Soit, en ne prenant en compte que les suffrages exprimés : 72% pour le Oui et 28% pour le Non.
Le contexte : Seaton est le siège de la première banque alimentaire d’Aberdeen, ouverte en Mars 2013. Dans une zone qui héberge la plus forte densité de milliardaires du Royaume-Uni, 29% des habitants sont en dessous du seuil de pauvreté…
En conclusion, cela fait bien longtemps que l’on ne peut plus se fier aux idées reçues quant à l’opinion des électeurs. Bien longtemps aussi que Westminster a atteint sa date de péremption.
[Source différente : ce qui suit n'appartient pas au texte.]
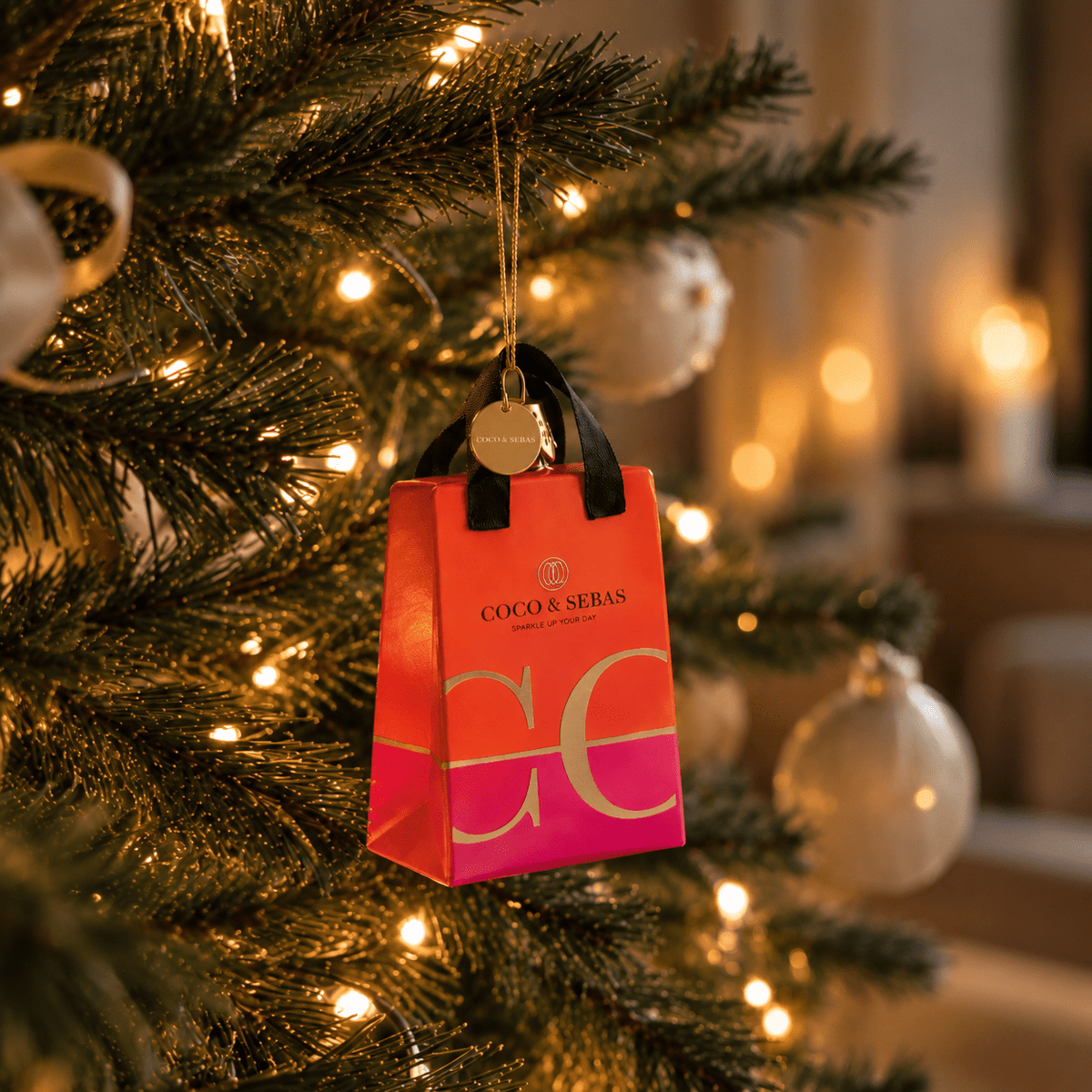 Ornament Bag | Coco & Sebas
C’est le moment de faire advenir un changement social radical et nous pouvons le faire à travers une victoire du vote « Oui ». Nous avons voulu que nos réunions soient plus que des cafés du commerce. Nous avons voulu rassembler toutes les idées nécessaires pour refonder notre société, de la cave au grenier. Nous avons maintenant un long chemin à parcourir, mais le réseau des comités de la Radical Independence Campaign s’étend maintenant à toute l’Ecosse. Ce réseau travaille avec acharnement pour mettre en lumière l’hypocrisie des politiciens de Westminster et l’iniquité d’une économie du Royaume-Uni qui ne fonctionne que pour les riches.
Ces résultats montrent qu’une autre Ecosse est possible.